The signal I told you to watch has fired — and it fired hard in the wrong direction. I flagged a sustained Brent break below $100 as the macro pivot that would change the risk framework. Instead, Trump's Iran escalation speech sent WTI surging 13% to above $111 per barrel in a single session. That's not a geopolitical tremor; that's a structural shock to input costs, consumer spending capacity, and equity risk premiums simultaneously. The S&P 500 closed Q1 down 4.6% and dropped another 1.2% Thursday. The bear case is no longer a forecast — it's a scoreboard.
The sector rotation thesis continues to play out with mechanical precision. Energy outperformed in Q1, defense outperformed, farming outperformed. Meanwhile Nasdaq pulled back 1.6% on the day versus 1.2% for the broader market — tech remains the pressure release valve in every risk-off move. When oil spikes 13% in a session, institutional desks don't debate whether to trim software; they execute. The capital reallocation from growth to hard assets and defense that I identified last quarter is now operating on an accelerated timeline.
The labor market data provides a confusing counternarrative — jobless claims printed 202,000 against a 212,000 consensus, a clean beat.

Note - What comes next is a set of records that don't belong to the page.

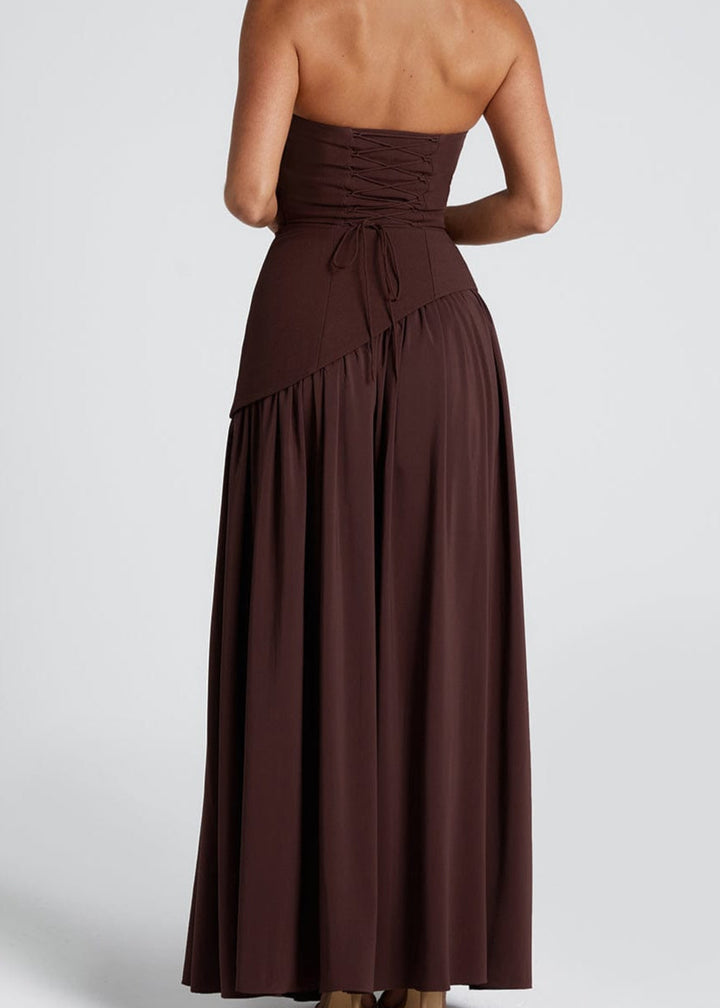 Lina | Strapless Maxi Dress with High Split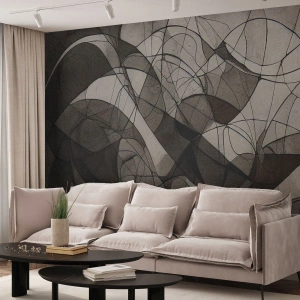 Papier Peint Photo Premium Canvas - Motif abstrait dans des tons marron et terreux - 100x70cm - Circulation des couleurs de la terre - Décoration murale moderne pour le salon et la chambre ARTTOR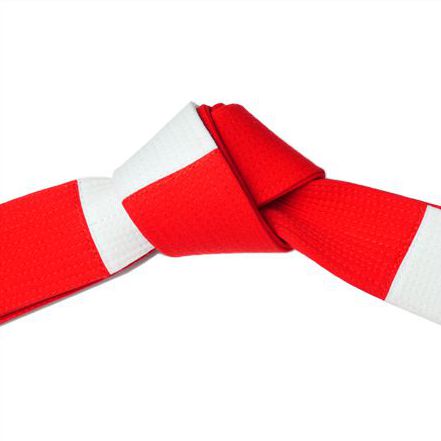 Martial Arts Kyoshi Master Belt White with Red Ends Tied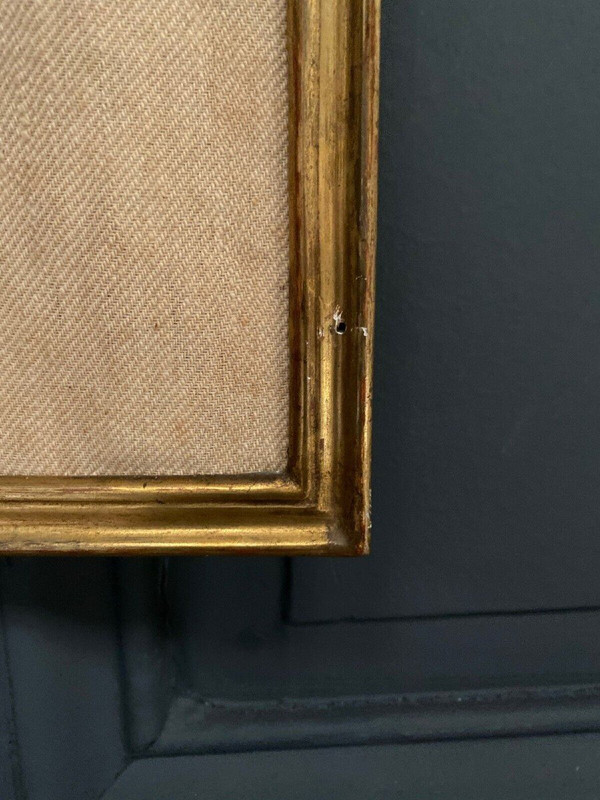 1900 Pannello ricamato in stile Luigi XVI con decoro di uccelli e cornice a baguette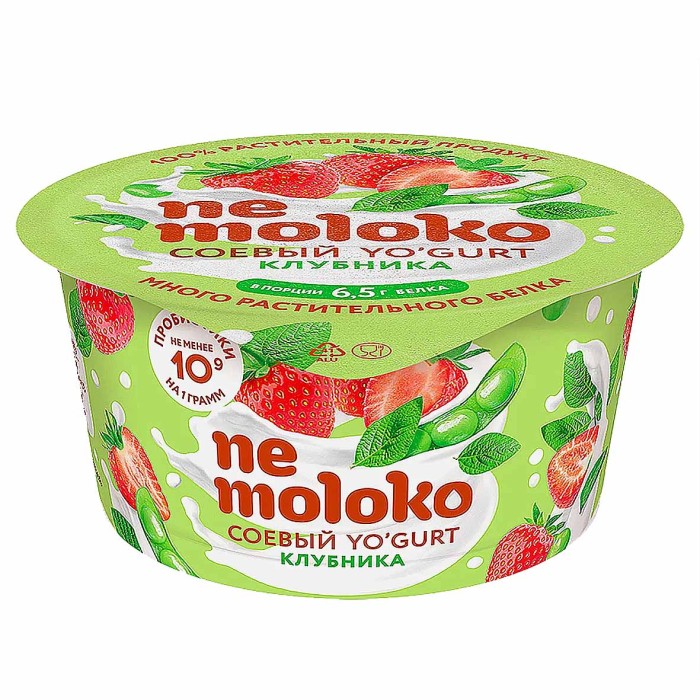 Йогурт соевый Nemoloko с клубникой 5% 130 гр пэт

In a normal environment, that's a bullish signal. In this environment, it barely registers. When oil is at $111 and a sitting president is signaling military escalation against a major oil-producing nation, equity markets don't trade on jobless claims. They trade on tail risk. The macro signal hierarchy has shifted: geopolitics > energy prices > everything else right now.

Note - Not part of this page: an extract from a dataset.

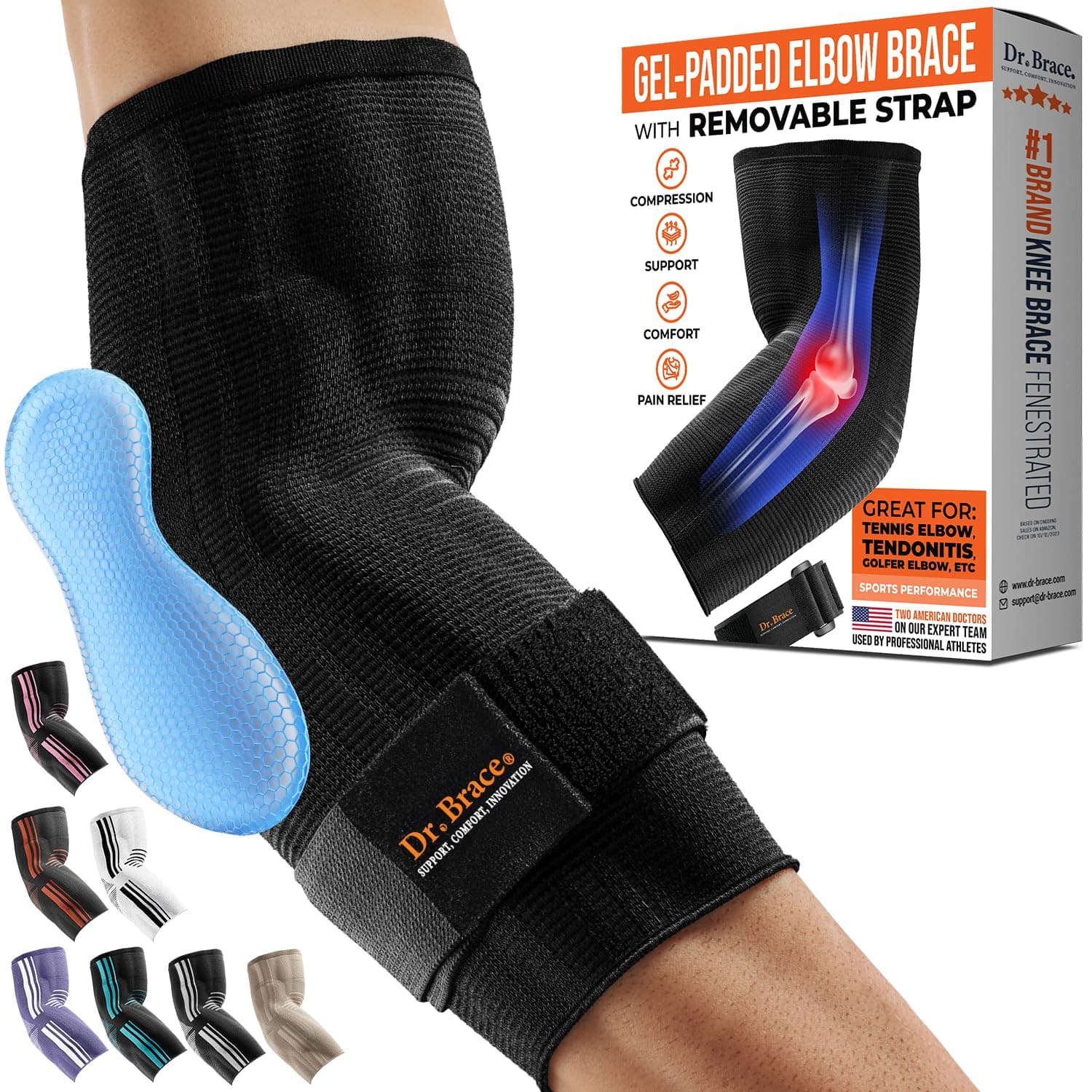 DR. BRACE® Elite Elbow Brace Support, Breathable Elbow Compression Sleeve with Gel Pad for Golfer's, Tennis Elbow & Tendonitis Treatment & Pain Relief 2024 (Black, Medium)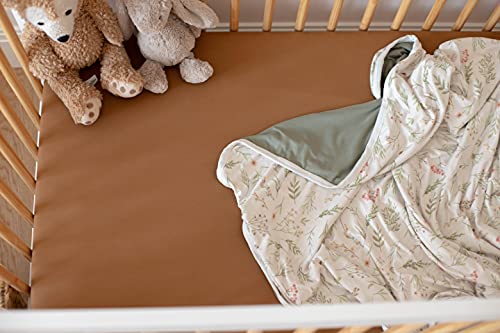Pobibaby - Single Solid Premium Fitted Baby Crib Sheets For Standard Crib Mattress - Ultra-Soft Cotton Blend, Safe And Snug, And Stylish Solid Crib Sheet (Caramel Brown) #TOP2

Goldman's 2026 outlook calling for 2.6% US growth and 50bps of Fed cuts looks increasingly optimistic given this oil shock trajectory. Energy-driven inflation re-acceleration is the Fed's nightmare scenario — it handcuffs their ability to cut even as growth risks mount. If WTI holds above $100, the Goldman base case evaporates and the stagflationary scenario I've been warning about becomes the central case. Watch the March 17-18 FOMC projections — at $111 oil, those forecasts are already stale.

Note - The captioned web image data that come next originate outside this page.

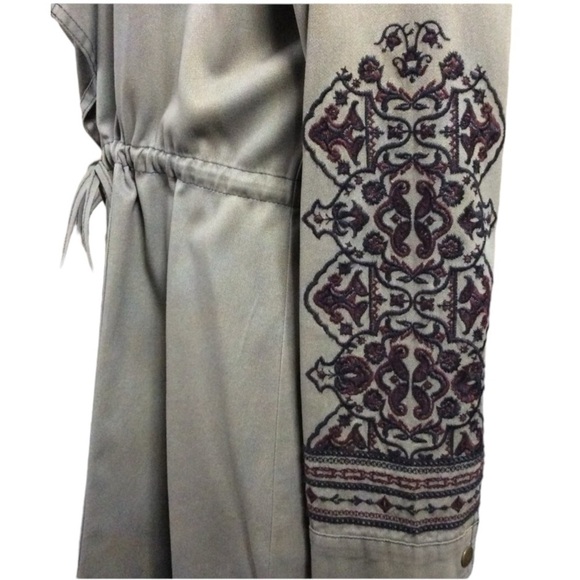 KNOX ROSE Embroidered Sleeve Detail, Cinched Waist, Drawstring Jacket Size Large - Picture 3 of 8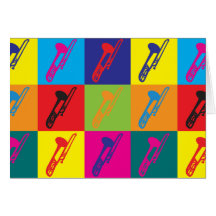 Trombone Pop Art Greeting Cards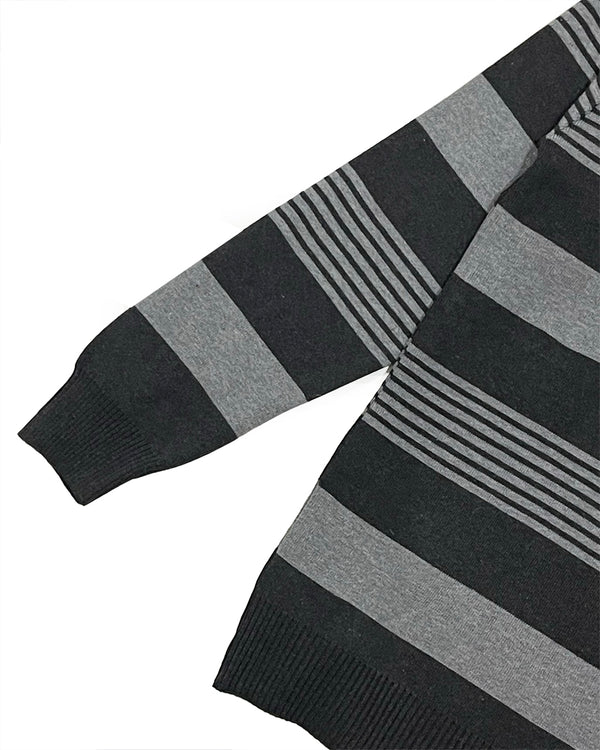 ustyle Ανδρική πλεκτή μπλούζα πουλόβερ τύπου V με ρίγα Γκρι US-86228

Bottom line: I'm maintaining BEARISH and nudging confidence higher. The two watchlist items I set last quarter have both resolved bearishly — Iran escalated, oil spiked, and the tech earnings catalyst remains unproven. Until we see WTI decisively retreat below $90 or get hard AI revenue conversion numbers from Microsoft/Google/Amazon, this market does not deserve a bid at index level. Selective positioning in energy and defense is the only rational expression of this environment.